Our capital expenditures, including accruals for amounts incurred but not yet paid for, but net of expenditures funded by outside parties such as landlords and noncontrolling interest partners or expenditures funded by insurance proceeds, consisted of the following:
Six Months Ended
June 30,
2025
2024
(in thousands)
Revenue generating
$
370,967
$
258,764
Maintenance
49,091
49,573
Total capital expenditures
$
420,058
$
308,337
Revenue generating capital expenditures during the first six months of 2025 increased from the same period of the prior year primarily due to venue expansion and enhancements across North America and Latin America.

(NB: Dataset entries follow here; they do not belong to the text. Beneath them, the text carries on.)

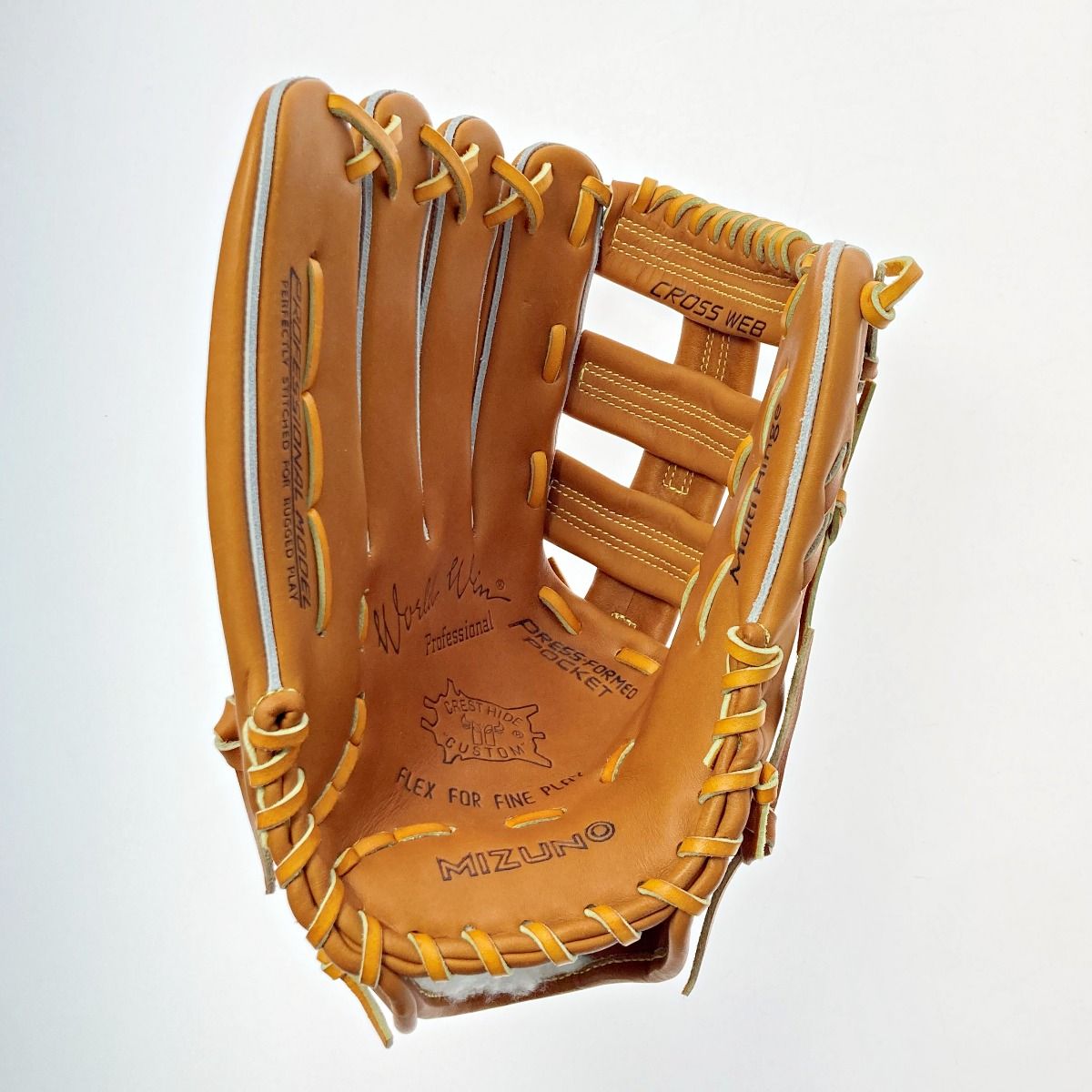 MIZUNO - ☆☆MIZUNO ミズノ 硬式 外野手用 グローブ ワールドウィン 赤カップ 復刻版グラブ 左用 サイズ15 コルク49 MIZUNO ミズノ 硬式 外野手用 グローブ ワールドウィン 赤カップ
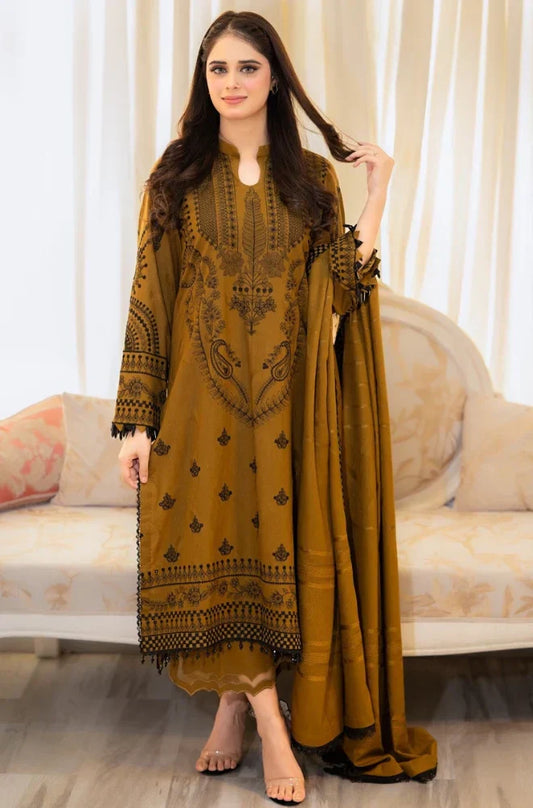 Winter 3PC Dhanak Embroidered Suit - LIBASS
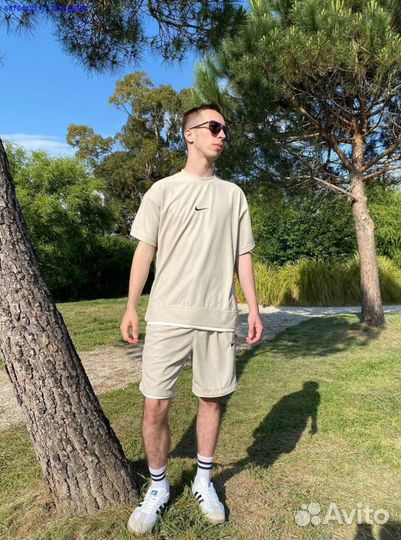Спортивный костюм шорты и футболка найк (Арт.90700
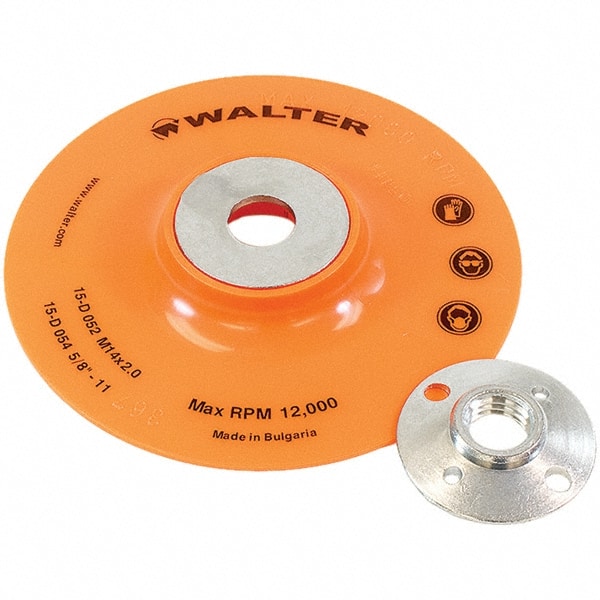 WALTER Surface Technologies - 5" Diam Disc Backing Pad - 12,200 RPM - Exact Tooling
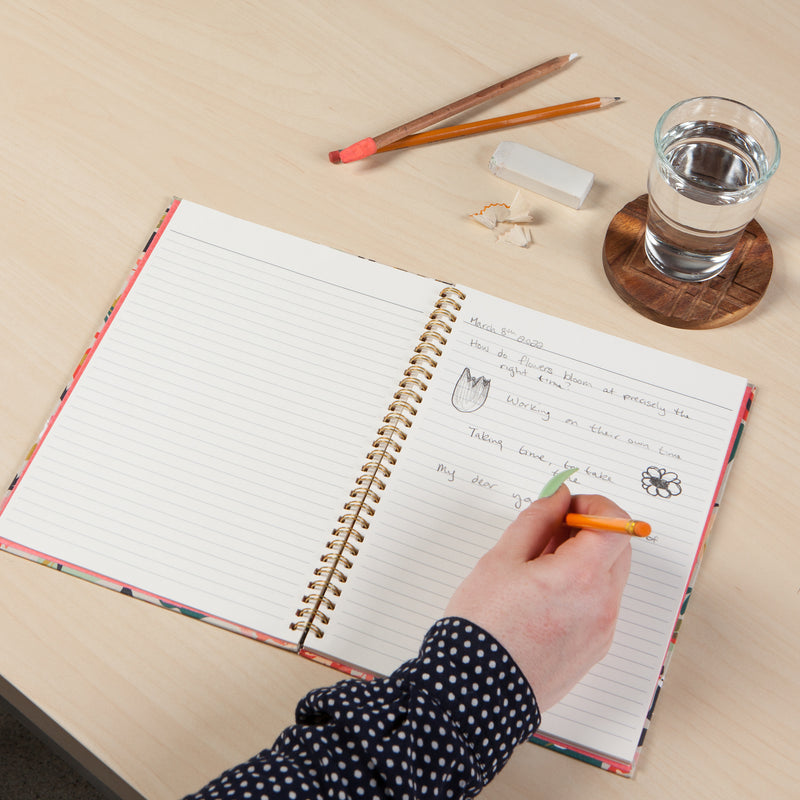 Danica Notebook Ring Bound Superbloom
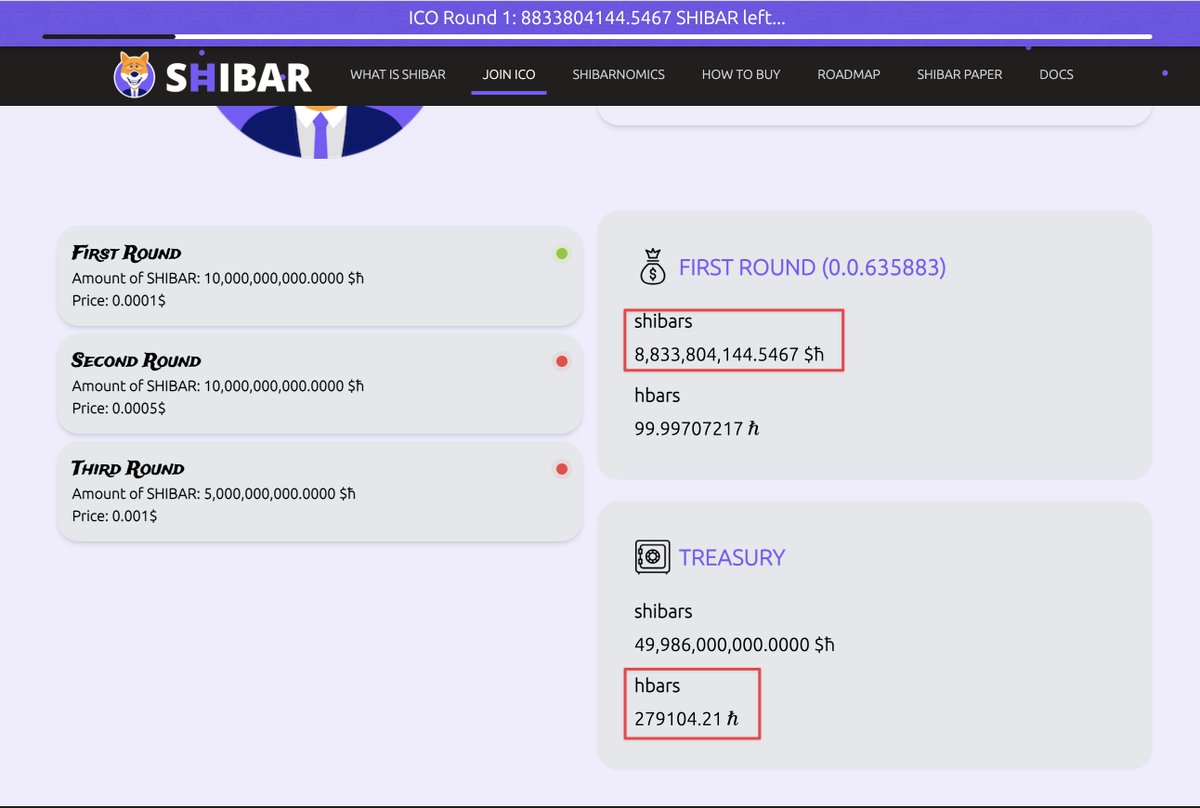 ShibarNetwork's tweet photo. Almost the 10% filled from Round-1, in less than 2 hours!
smart-node engine is working good, and all the incoming hbar tnx are safely stored into our multisig Treasury Wallet.

Wanna join us?
https://t.co/7UcpT7dH6i

#HBAR #HBARbarians #SHIBAR #Hedera #hederahashgraph https://t.co/HgaP0VCwAk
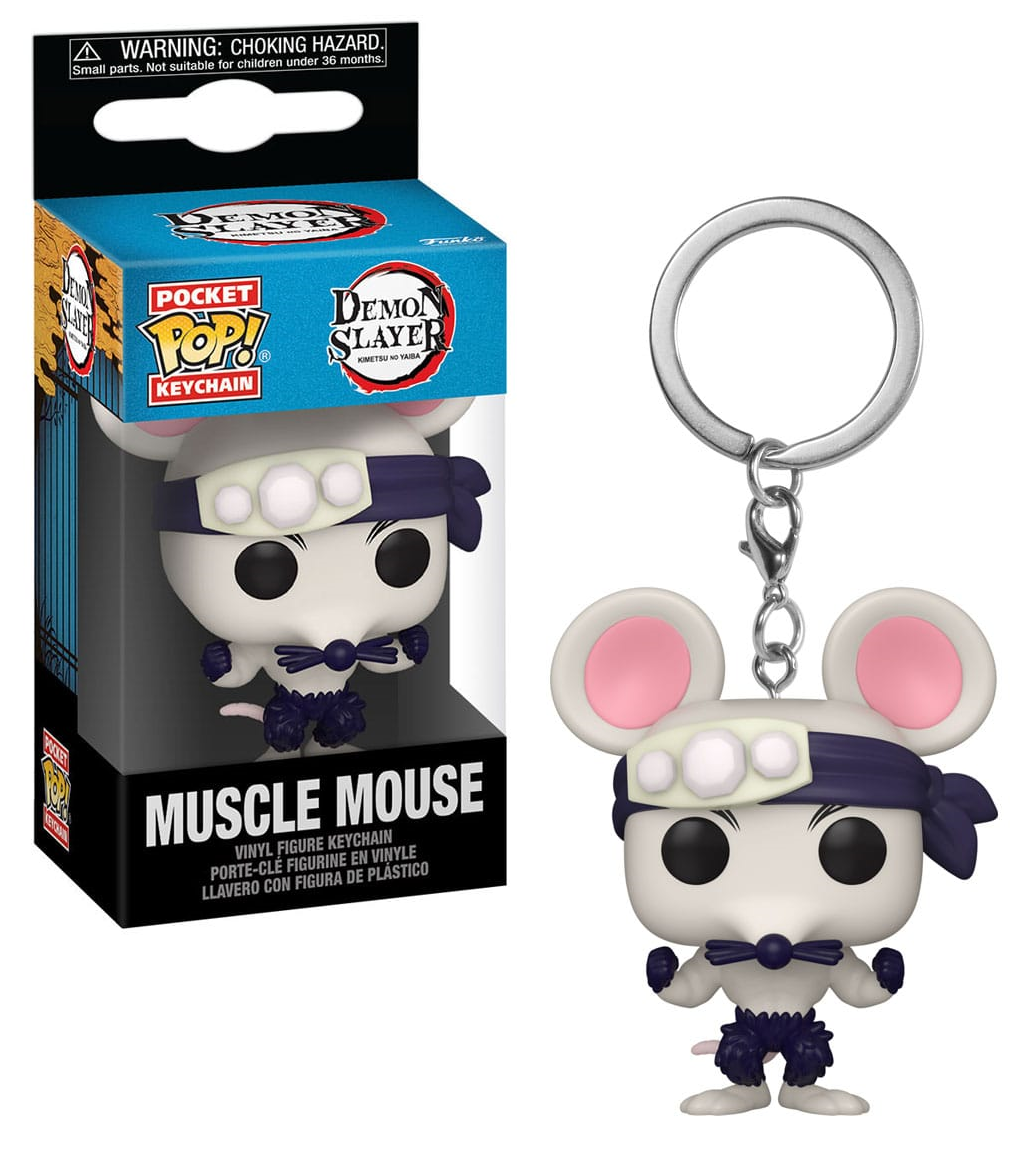 DEMON SLAYER Pocket Pop Keychains Muscle Mouse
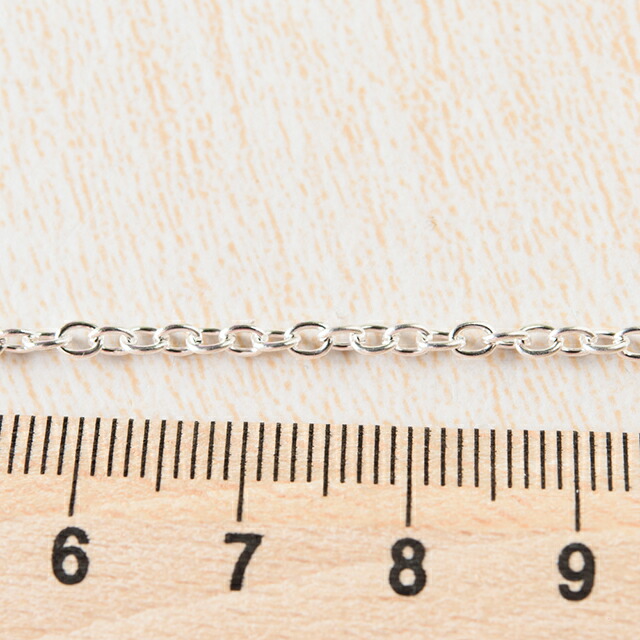 あずきチェーン ホワイトシルバー 50cm 切り売り ネックレス ブレスレット ピアス パーツ 金具 素材 アクセサリーパーツの通販はau Pay マーケット ピンクゴールド通販広場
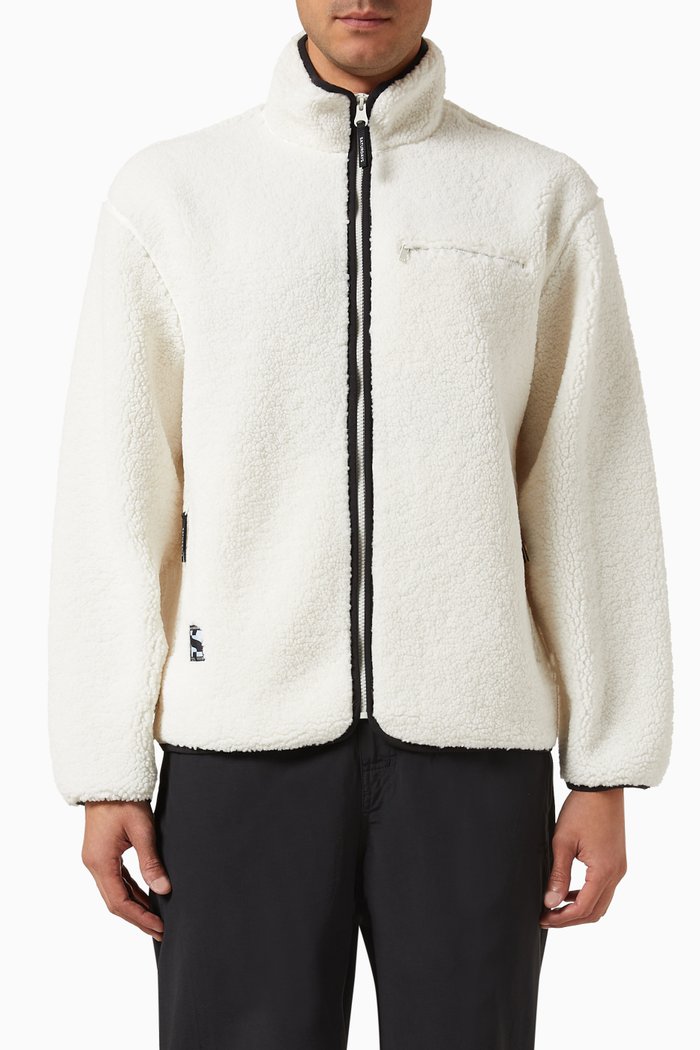 

Spencer Zip Jacket in Fleece, Neutral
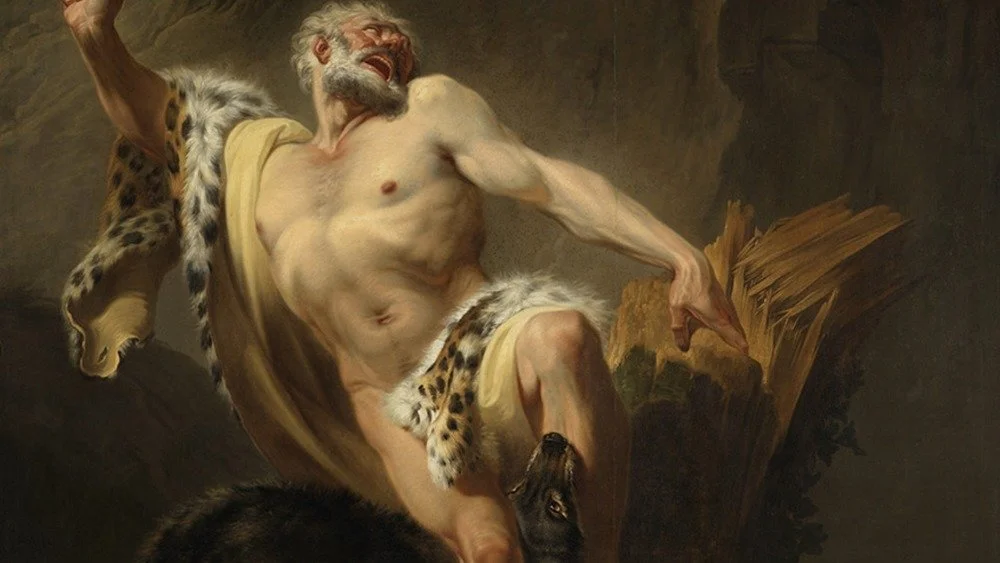 Milo de Croton et des loups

We expect capital expenditures to be approximately $900 million to $1.0 billion for the year ending December 31, 2025 with approximately 85% dedicated to revenue generating projects, including $700 million to $800 million of spend relating to our venue expansion and enhancement plans. Some of the more significant projects in 2025 include an extensive renovation of an arena in Hamilton, Ontario in Canada and the new Riverside Amphitheater outside of Kansas City, Missouri which will open in 2026. In the third quarter of 2025, we expect that our new stadium in Bogota, Colombia will open, with capacity for 40,000 fans, further strengthening our presence in Latin America. Approximately $200 million of our capital expenditure estimate is being funded outside our cash flow by third party equity partners, pre-selling certain premium rights and project-based debts.
Subsequent Event
On July 29, 2025, we entered into an amendment to the OCESA joint venture agreement amending the existing terms to accelerate the timing of CIE’s option to sell its 24% interest in OCESA to the Company and extended the timing on CIE’s option to sell its remaining 25% interest in OCESA by five years. We also entered into a purchase agreement to acquire the 24% interest in OCESA from CIE for approximately $646 million, which is expected to close during the third quarter of 2025.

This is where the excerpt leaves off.